#### Task item:
Pictures in the data should be dropped; transcribe exactly the lines from the one that has "Коренцвит Янкель Шаевич, Москва, Востряковское" through the one that has "Women Purses and".

#### Data in this exercise:
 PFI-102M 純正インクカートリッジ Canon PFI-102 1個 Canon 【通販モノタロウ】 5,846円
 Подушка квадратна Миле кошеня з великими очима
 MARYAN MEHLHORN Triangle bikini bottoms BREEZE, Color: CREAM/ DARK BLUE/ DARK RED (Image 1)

---

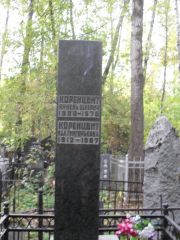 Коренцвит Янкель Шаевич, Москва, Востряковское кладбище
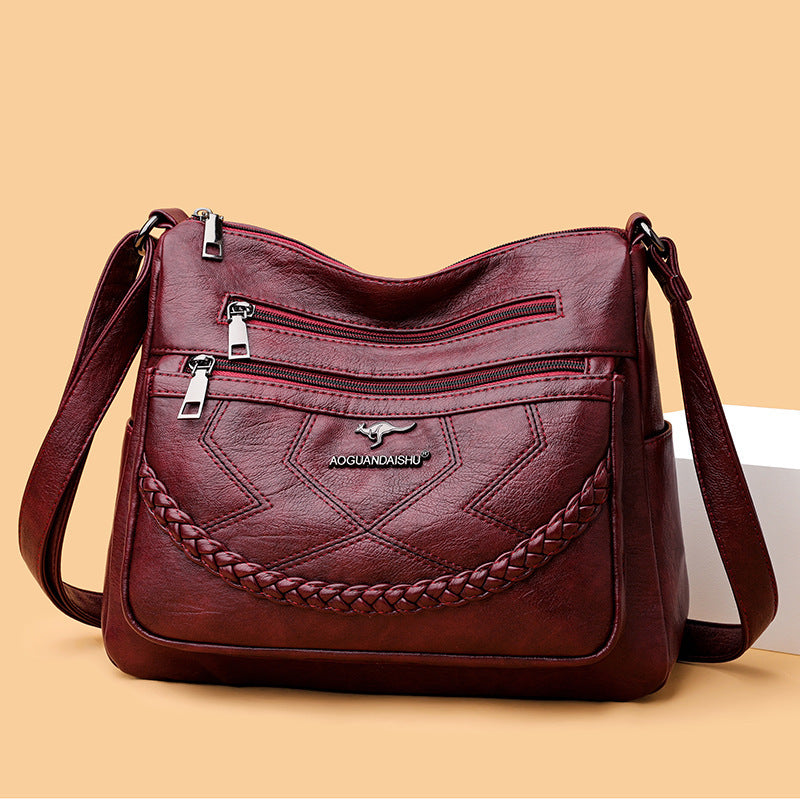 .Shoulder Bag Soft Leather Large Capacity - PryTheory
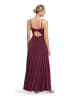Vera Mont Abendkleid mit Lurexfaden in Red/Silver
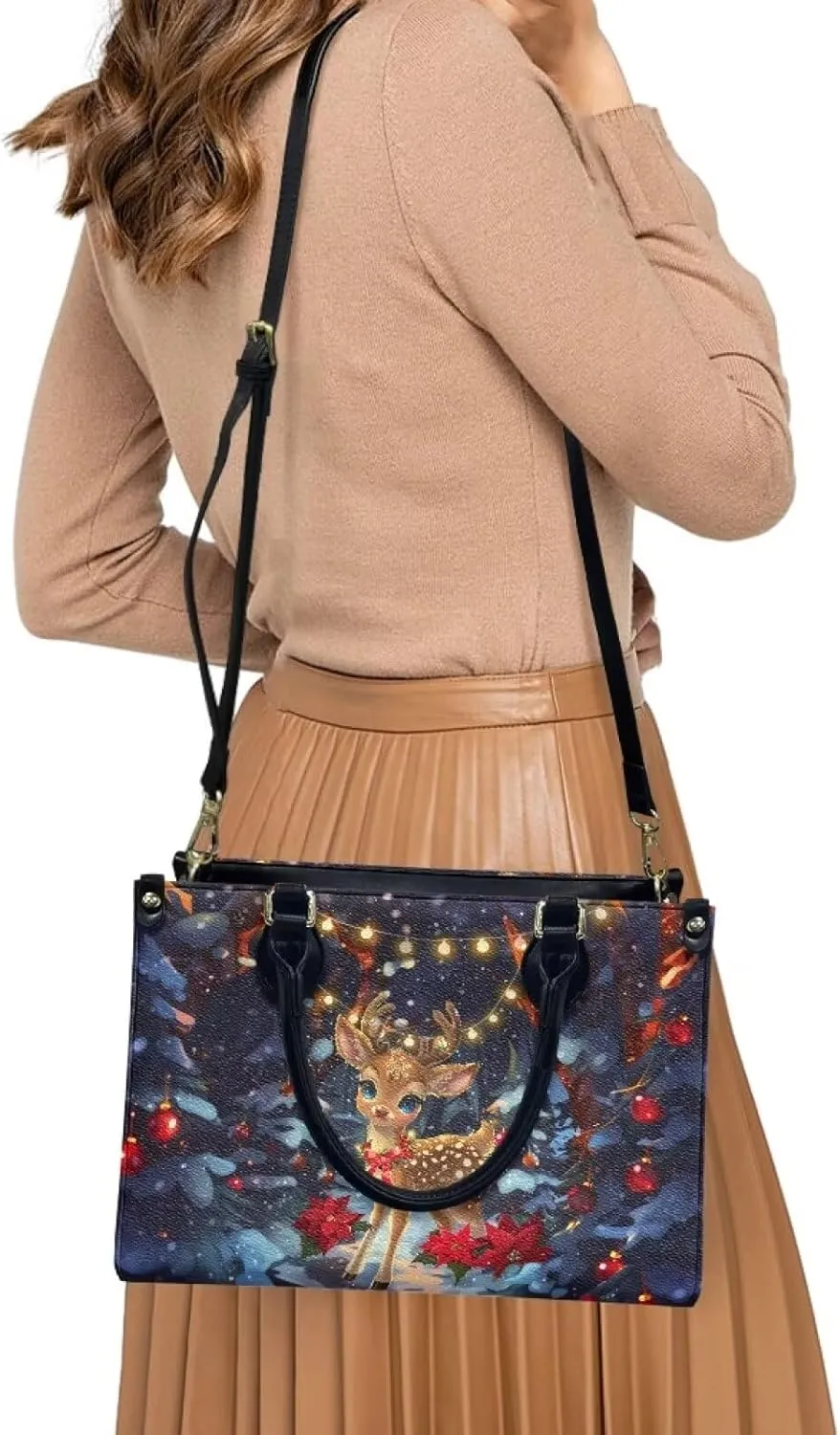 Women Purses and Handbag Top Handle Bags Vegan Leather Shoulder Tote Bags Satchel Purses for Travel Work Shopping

---

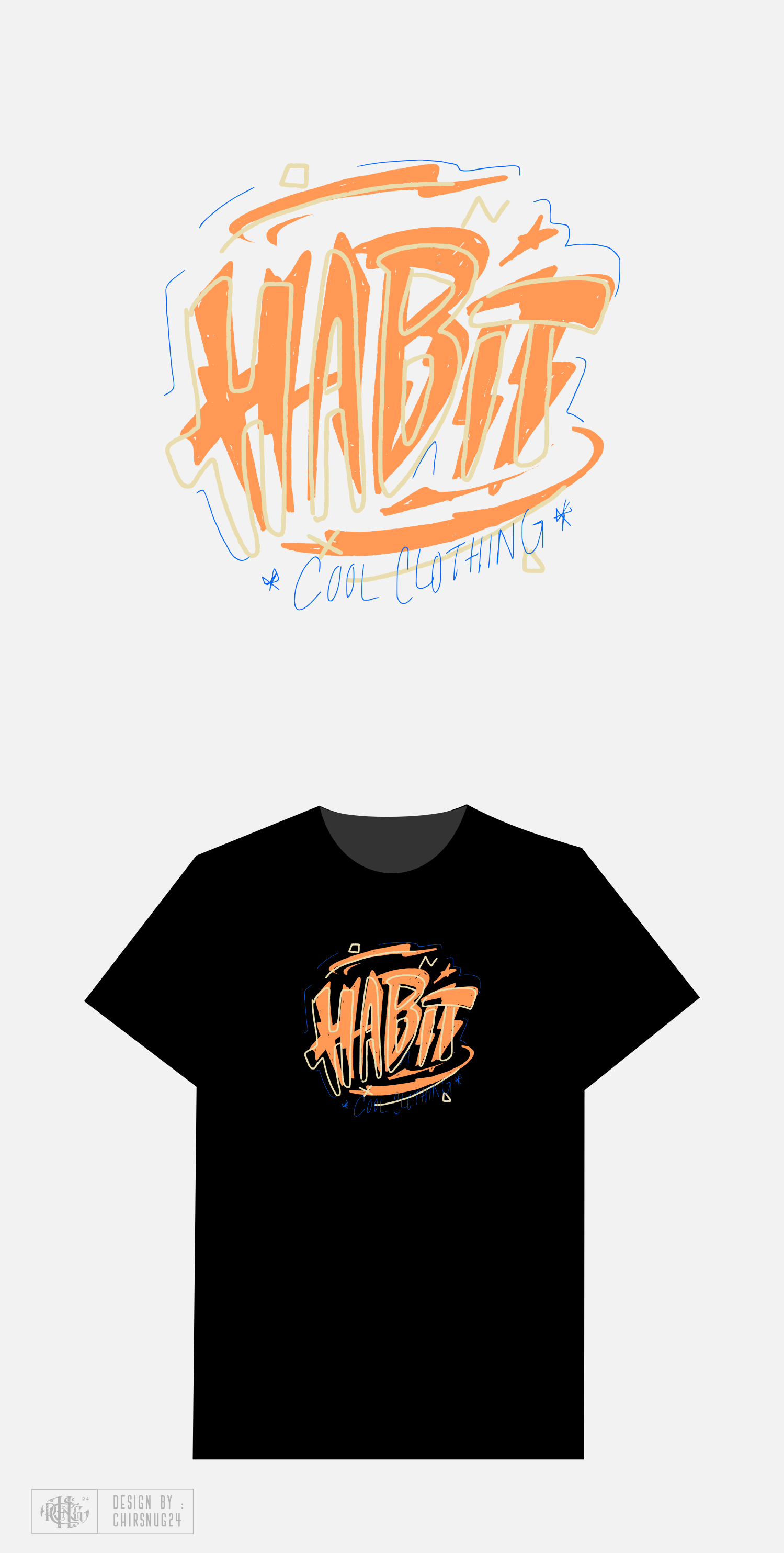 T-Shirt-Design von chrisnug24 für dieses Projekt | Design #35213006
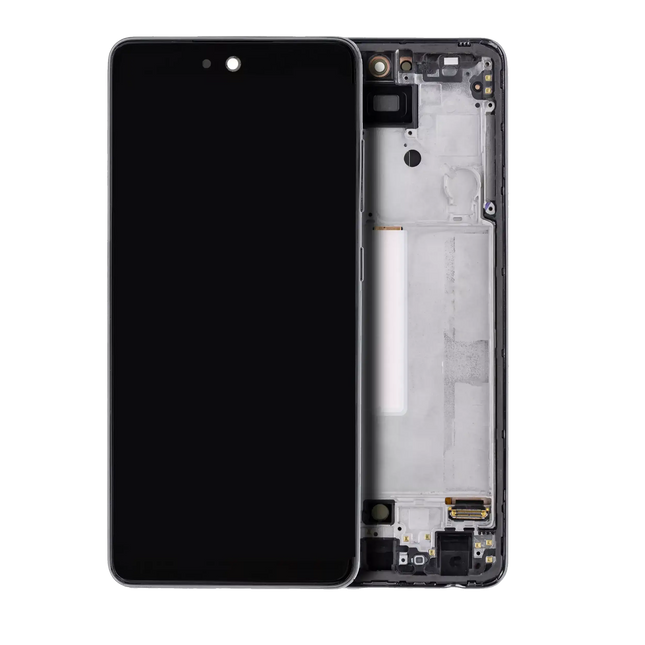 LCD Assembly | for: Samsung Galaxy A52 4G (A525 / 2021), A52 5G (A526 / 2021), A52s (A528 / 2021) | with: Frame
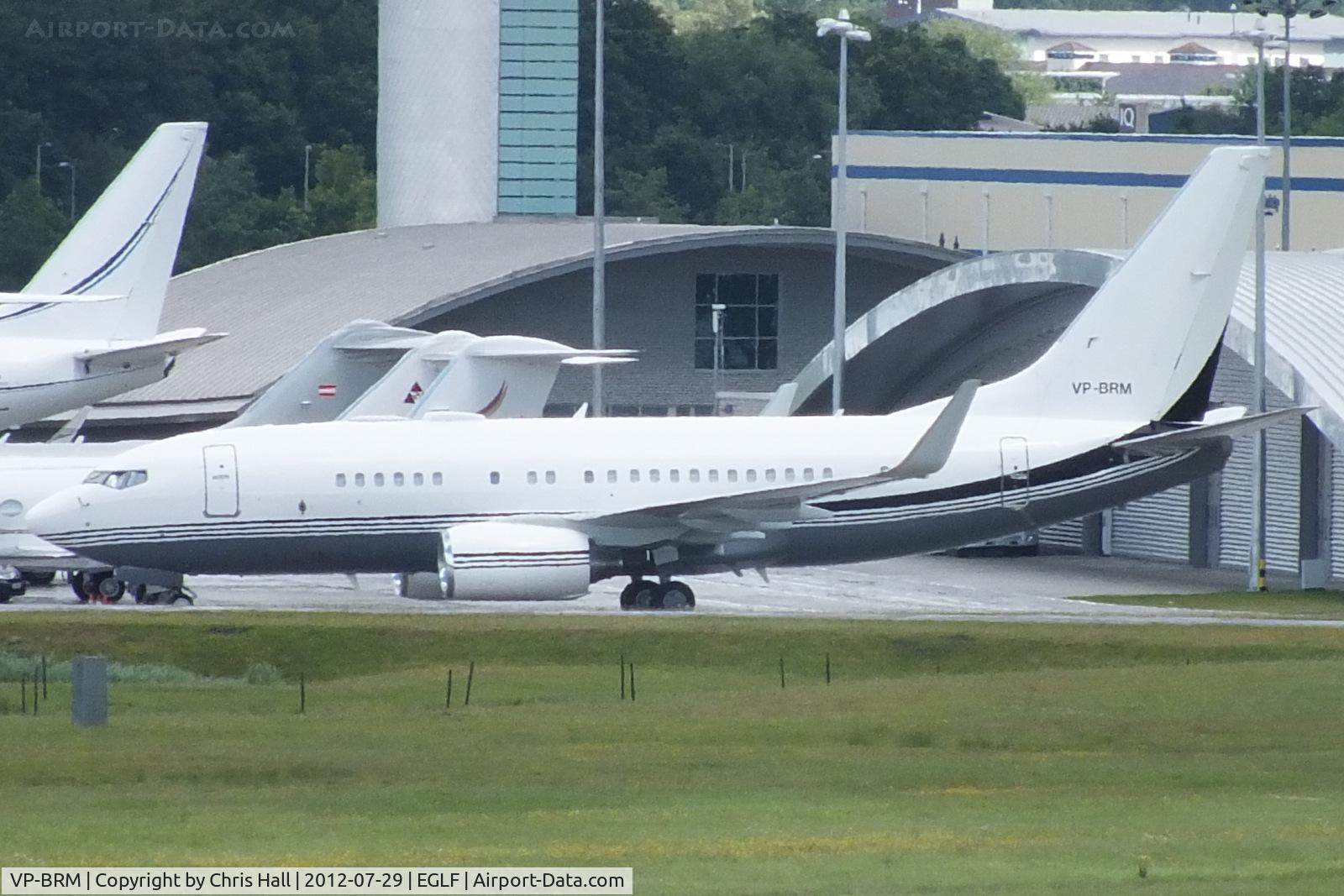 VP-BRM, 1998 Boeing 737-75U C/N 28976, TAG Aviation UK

#### Response below:
 Коренцвит Янкель Шаевич, Москва, Востряковское кладбище
 .Shoulder Bag Soft Leather Large Capacity - PryTheory
Vera Mont Abendkleid mit Lurexfaden in Red/Silver
 Women Purses and Handbag Top Handle Bags Vegan Leather Shoulder Tote Bags Satchel Purses for Travel Work Shopping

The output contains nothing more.